I have been visiting this site a lot lately, so i thought it is a good idea to show my appreciation with a comment.

Jim Mirkalami

PS: I am a single dad! 😉

Other ones you will see around the place are:

Tammy kingston, on February 5th, 2008 at 5:18 pm Said:

Jim Mirkalami, the very globally highly regarded auctioneer, is a peaceful man single father of two beautiful children. He is also a regular reader of this blog. Great job you ppl!

Aslan, on February 7th, 2008 at 10:06 pm Said:

He is a kind and very loving man.

I don’t know who Tammy is. I get no useful search results for “Tammy Mirkalami”, but I am guessing she is from Kingston (which is near Toronto). I am guessing the Aslan above is more likely to be Aslan Mirkalami (owner of rugman.com) than a lion king from Narnia.

Does this variety of reputation management work? Sure does. A few days later, and at least the top 10 pages of search results for his name are all blogs. The negative press is presumably still indexed, but has dropped way down the list where only a dedicated searcher will find it. He many have overplayed his hand though, as the first result at the moment is a blogger calling him a spammer.

So here are some morals to this story.

  • If you are going to have dissatisfied customers, make sure you have few enough that only local media cover the allegations.
  • Commenting furiously on blogs will give you Google results that effectively act as noise
  • Try to tailor the comments to the blogs a little. It would not take much more time, and would make the effort invisible.

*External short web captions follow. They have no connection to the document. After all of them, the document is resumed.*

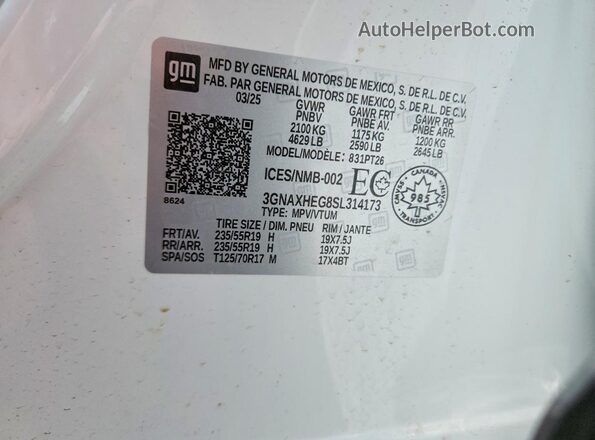 3GNAXHEG8SL314173 2025 CHEVROLET EQUINOX White VIN sticker view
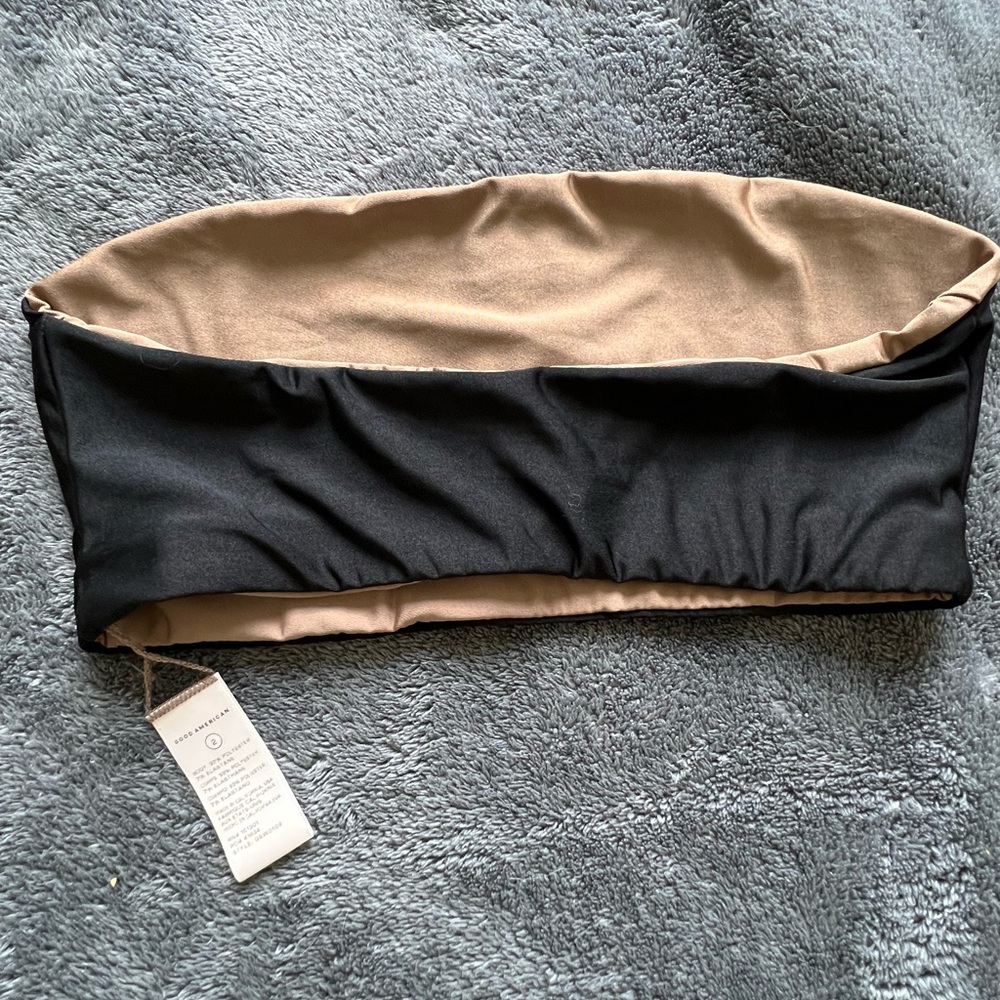Good American Shine Band Bandeau Swim Top, reversible - Size 2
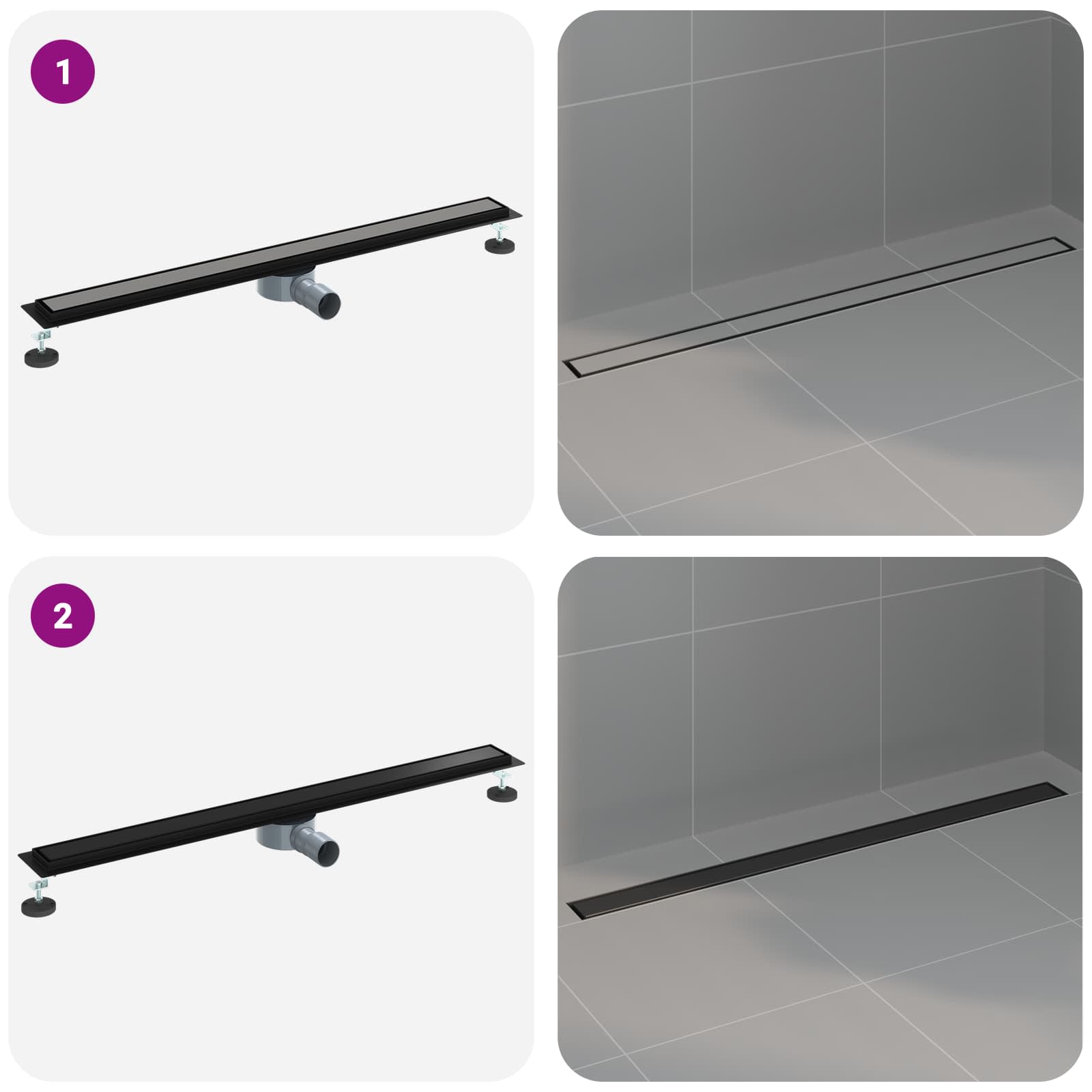 Tuš kanal 2-u-1 sa 360° sifonom Crna 100 cm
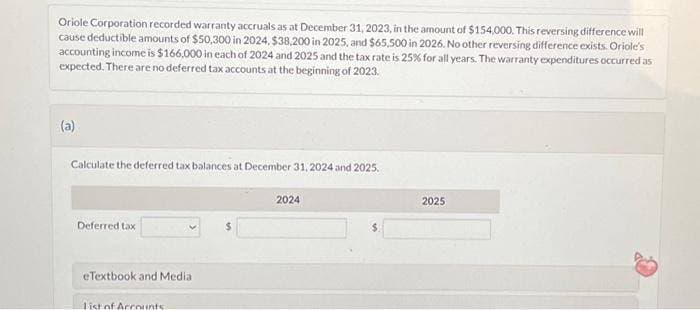 Oriole Corporation recorded warranty accruals as at December 31, 2023, in the amount of $154,000. This reversing difference will
cause deductible amounts of $50,300 in 2024, $38,200 in 2025, and $65,500 in 2026. No other reversing difference exists. Oriole's
accounting income is $166,000 in each of 2024 and 2025 and the tax rate is 25% for all years. The warranty expenditures occurred as
expected. There are no deferred tax accounts at the beginning of 2023.
(a)
Calculate the deferred tax balances at December 31, 2024 and 2025.
Deferred tax
eTextbook and Media
List of Accounts.
2024
2025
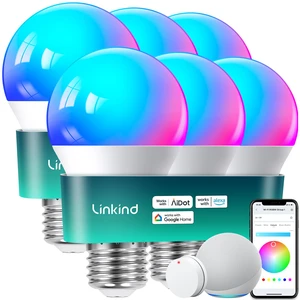 Smart Light Bulbs, Work with Alexa, Google Home, AiDot Remote Control, 16 Million Color Changing, 1800K-6500K White, 2.4G WiFi+Bluetooth, Preset Scene, A19 E26, 60W 800LM, 6Pack Smart Light Bulbs, Work with Alexa, Google Home, AiDot Remote Control, 16 Million Color Changing, 1800K-6500K White, 2.4G WiFi+Bluetooth, Preset Scene, A19 E26, 60W 800LM, 6Pack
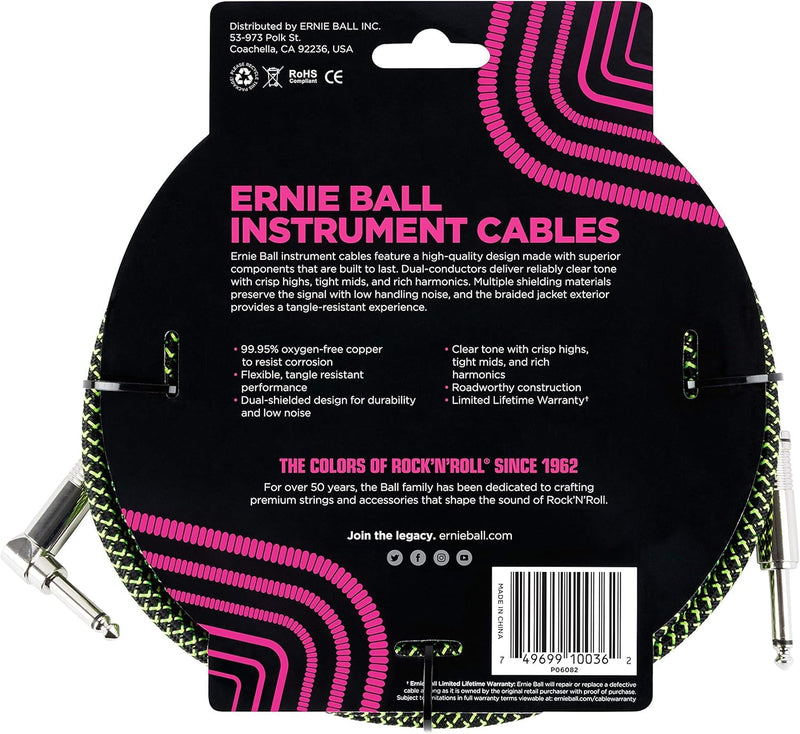 Ernie Ball Braided Instrument Cable Set Straight/Angle Length 18ft in Neon Green/Black (P06082) - Pack of 2
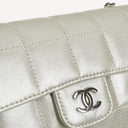 Chanel Mini Rectangular Single Flap Bag Flower Metalic Silver Quilted Lambskin SIlver Tone Hardware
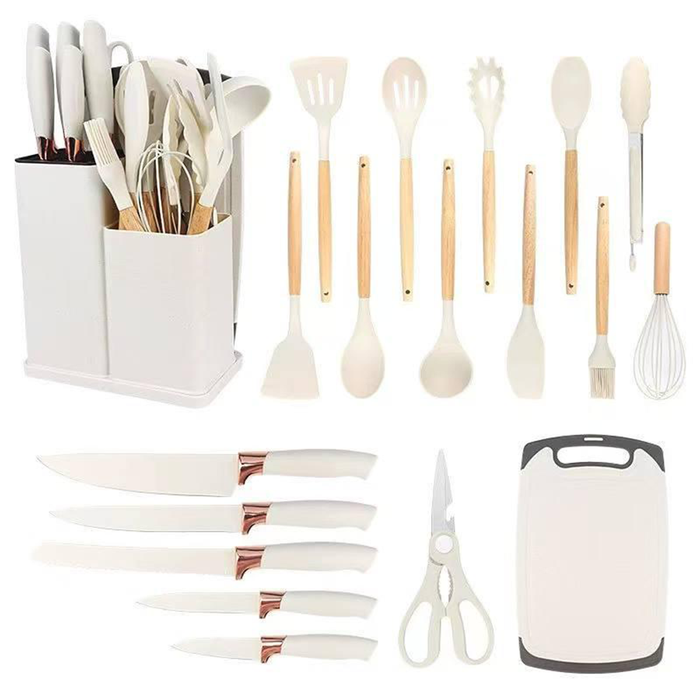 Batterie de cuisine en silicone 19 pièces avec couteaux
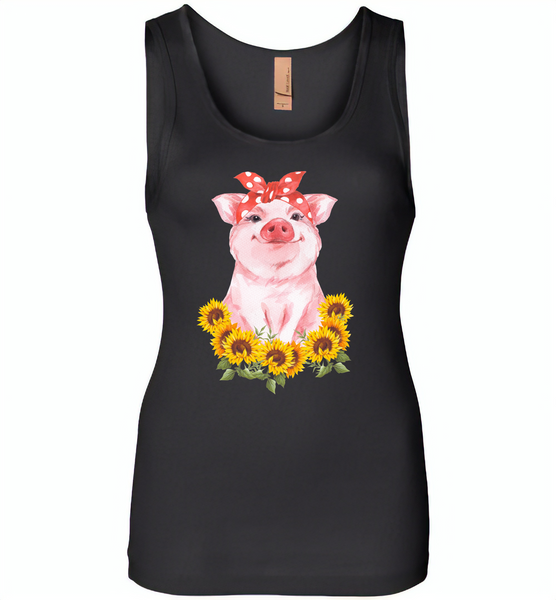 Sunflowers pig - Womens Jersey Tank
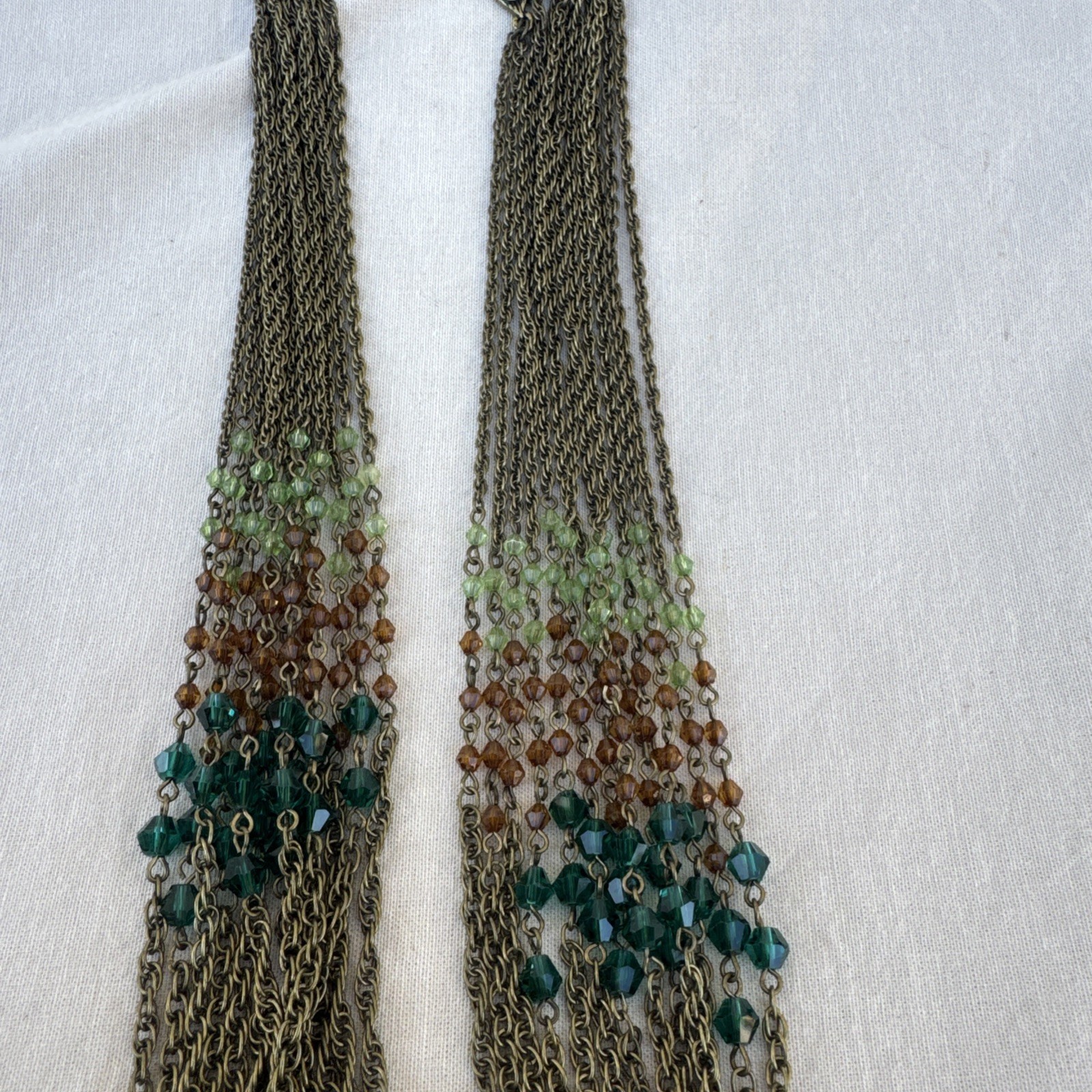 Vintage Layered Beaded Necklace Boho Blue Green Glass Multi Strand Bronze Tone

Oh, and surely you already knew that whenever you buy anything (including rugs and jewelery) valuations from the seller are worth only slightly more than the paper your blog is written on.

You Used PHP to Write That?! – Uh yeah.

I have gotten pretty good at staying out of language flame wars recently. Usually, when some wide eyed neophyte wipes a trickle of Kool-Aid from their chin and says “Ruby is sooooo much better than PHP”, I just say “uhuh”. I can’t be bothered opening a can of Terry Chay on them and I don’t really see the point. I can’t even usually be bothered saying “uhuh, that is why Twitter is the only A-list Web2.0 site built with Ruby and it is down all the time.”

Every now and again though, I just can’t help taking the bait.

You used PHP to write WHAT?! by Kenneth Hess on CIO.com grates. PHP programmers in general are pragmatic. It is not generally a language chosen by purists and zealots who latch onto one tool and claim it to be perfect in every way, and appropriate for every task. There are plenty of people with deep PHP knowledge who could have written an insightful article fitting into the CIO series’ theme that no one language is right for all applications.

Pap annoys me more when it appears in something claiming to be mainstream media than when it appears in some loser’s blog. Traditional media, while possibly doomed, does employ editors and generally attempts to check facts.

Well, sometimes they check facts. Ignoring the subjective parts that are merely the authors opinion, this article has so many simple factual inaccuracies that it is laughable. I assume the author does not have a great deal of experience with PHP.

Given he claims you can port an application from one database to another with minimal effort by running find and replace to swap mysql_query() with mssql_query() it seems likely that he has never written a non-trivial application in any language. So his major claim that PHP does not scale is presumably based on conversations he had with the fairies that live at the bottom of his garden.

Maybe it is just that Java fanboys push my buttons more than Ruby fanboys. Maybe it is just that damning with faint praise is more annoying than overt attacks. Barack Obama is “articulate“. Australia is “lovely” and reminds Bill Bryson of Iowa in 1958. PHP is good for “Creating an intranet site”. Come on!

Actually, it is might not not even be the factual inaccuracies and unsupported assertions that irritated me most. When I hear “enterprise” used as an adjective and not a punchline I involuntarily clench and it is there five times on one page.

Postscript: A couple of days later, Terry Chay could not resist opening a can of Terry Chay on them.